Recorded data:

───

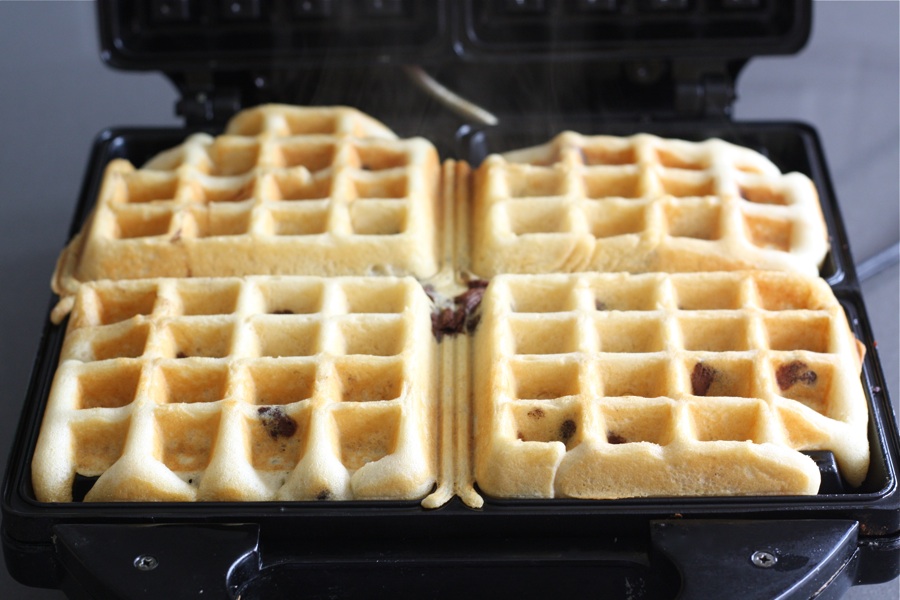 Tasty Kitchen Blog: Chocolate Chip Waffles. Guest post by Maria Lichty of Two Peas and Their Pod, recipe submitted by TK member Robyn Stone of Add A Pinch.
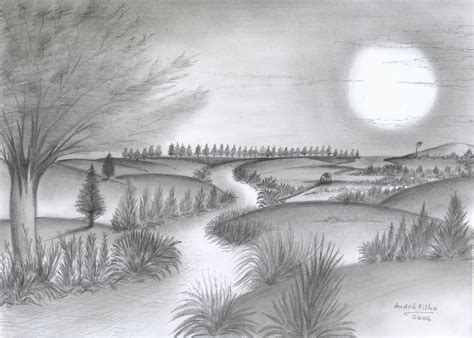 Paisagem Natural Para Desenhar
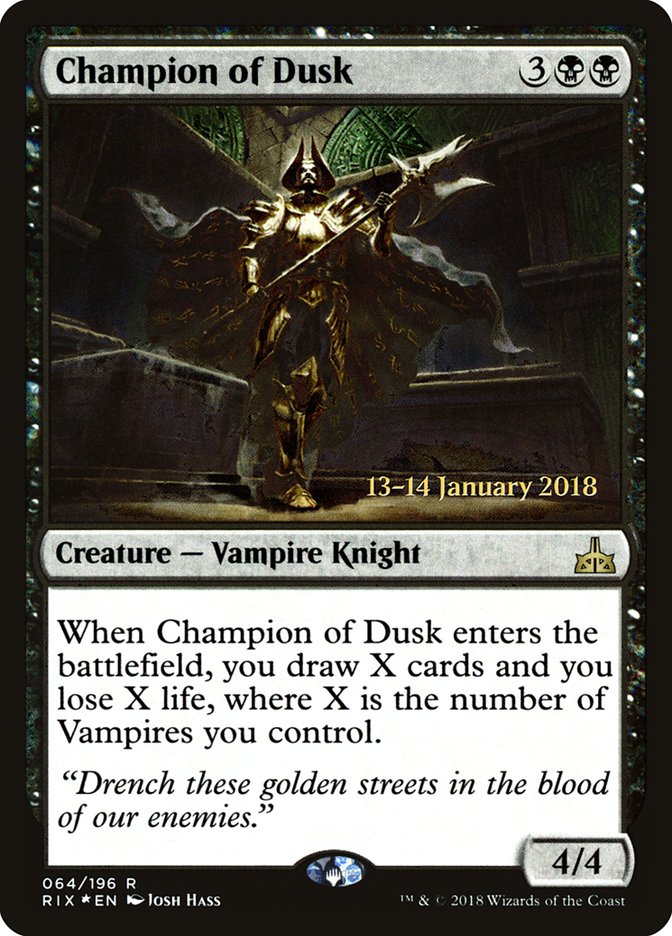 Champion of Dusk [Rivals of Ixalan Promos] | Empire Gaming NC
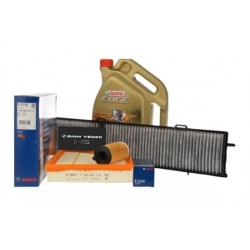 Bmw E90 320d N47 Motor 184 CV Mantenimiento Periódico Filtros h Aceite Castrol 5w30 No Diesel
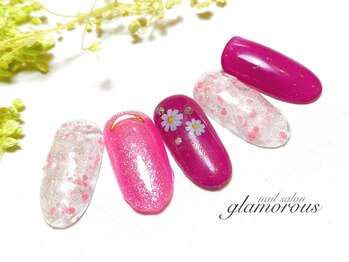 ネイルグラマラス 西新井店/《パラジェル》春 大人 上品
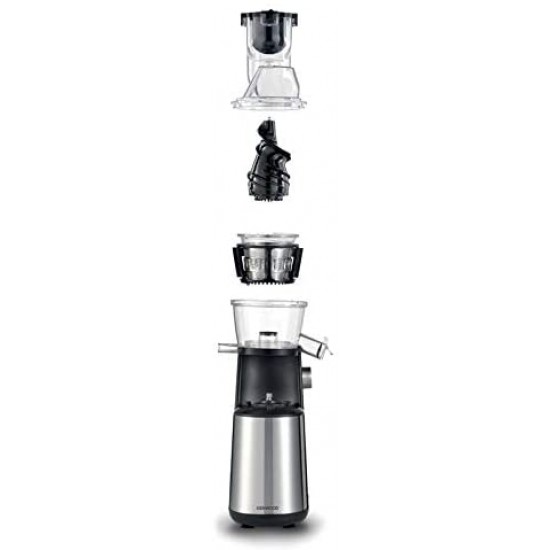 Kenwood Stainless Slow Juicer - 400W: JMM70.000BK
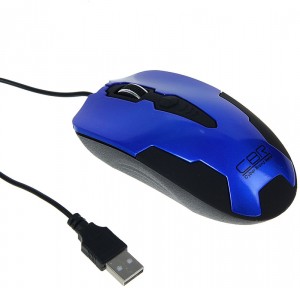 Оптическая светодиодная мышь CBR CM 305 USB Black blue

───

Each entry should come back exactly as written, with its pictures omitted.

- **RESULT**:
 Tasty Kitchen Blog: Chocolate Chip Waffles. Guest post by Maria Lichty of Two Peas and Their Pod, recipe submitted by TK member Robyn Stone of Add A Pinch.
 Paisagem Natural Para Desenhar
 Champion of Dusk [Rivals of Ixalan Promos] | Empire Gaming NC
 Bmw E90 320d N47 Motor 184 CV Mantenimiento Periódico Filtros h Aceite Castrol 5w30 No Diesel
 ネイルグラマラス 西新井店/《パラジェル》春 大人 上品
 Kenwood Stainless Slow Juicer - 400W: JMM70.000BK
 Оптическая светодиодная мышь CBR CM 305 USB Black blue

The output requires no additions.